Last week, the SEC enforcement division announced that it would take aim at advisor failure to disclose conflicts of interest related to receiving 12b-1 fees when lower-cost mutual fund share classes are available to clients. This Share Class Selection Disclosure (SCSD) initiative reflects the Commission’s longstanding focus on conflicts of interest inherent in selecting mutual fund share classes. How long will it be until regulators leverage similar considerations in interval fund and non-traded REIT contexts?
From ThinkAdvisor’s interesting article on the SEC's initiative to crack down on share class shenanigans:
The division states that it will recommend “standardized, favorable settlement terms to advisors that self-report that they failed to disclose conflicts of interest associated with the receipt of 12b-1 fees by the advisor, its affiliates, or its supervised persons for investing advisory clients in a 12b-1 fee paying share class when a lower-cost share class of the same mutual fund was available for the advisory clients.”
For advisors that are eligible to participate in the SCSD Initiative, the Division states that it will recommend settlements that will require the advisor to disgorge its ill-gotten gains and pay those amounts to harmed clients, but not impose a civil monetary penalty.
However, the SEC warned that it will “recommend stronger sanctions in any future actions against investment advisors that engaged in the misconduct, but failed to take advantage of this initiative.”

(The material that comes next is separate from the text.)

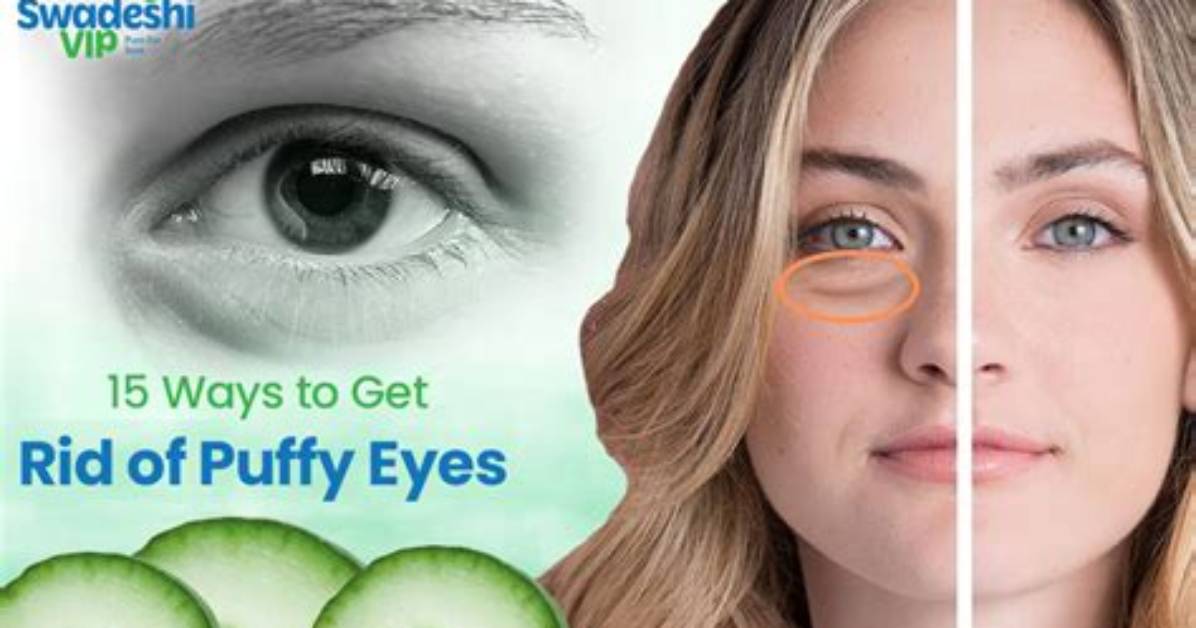 How to Get Rid of Puffy Eyes from Crying: 15 Remedies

The SCSD initiative pertains to 12b-1 fees for open-ended mutual funds. However, in practice most interval funds charge the equivalent of 12b-1 fees. Among other things, the standard interval fund exemptive relief application to offer multiple share classes will ask for relief to
permit the Funds to impose asset-based distribution and shareholder services fees (in a manner analogous to Rule 12b-1 fees for an open-end investment company). [emphasis added—here we are quoting Blackstone / GSO Floating Rate Enhanced Income Fund’s application.]
It would be strange for the SEC to permit what it perceives to be abuses in the interval fund context, after cracking down on them for mutual funds, but I guess that it’s not impossible.
Also, most REITs (although not all) are outside the ‘40 Act space, but the most recently launched non-traded REITs usually have multiple share classes, so it will be interesting to see if the SEC ever brings enforcement action (and creates a self-policing option) against advisors who use higher fee share classes inappropriately without proper disclosure and justification. It seems like this could be a problem for a dually-registered firm that puts broker clients into REITs that have low fee I shares for RIAs.
And we may predict that such share class considerations for interval funds and REITs might not only eventually have the attention of the SEC, but also FINRA. Recall that back in the day, the predecessor to FINRA followed analogous logic to crack down hard (see pages 4-10 of the linked document) on firms that failed to take advantage of volume discounts for mutual funds.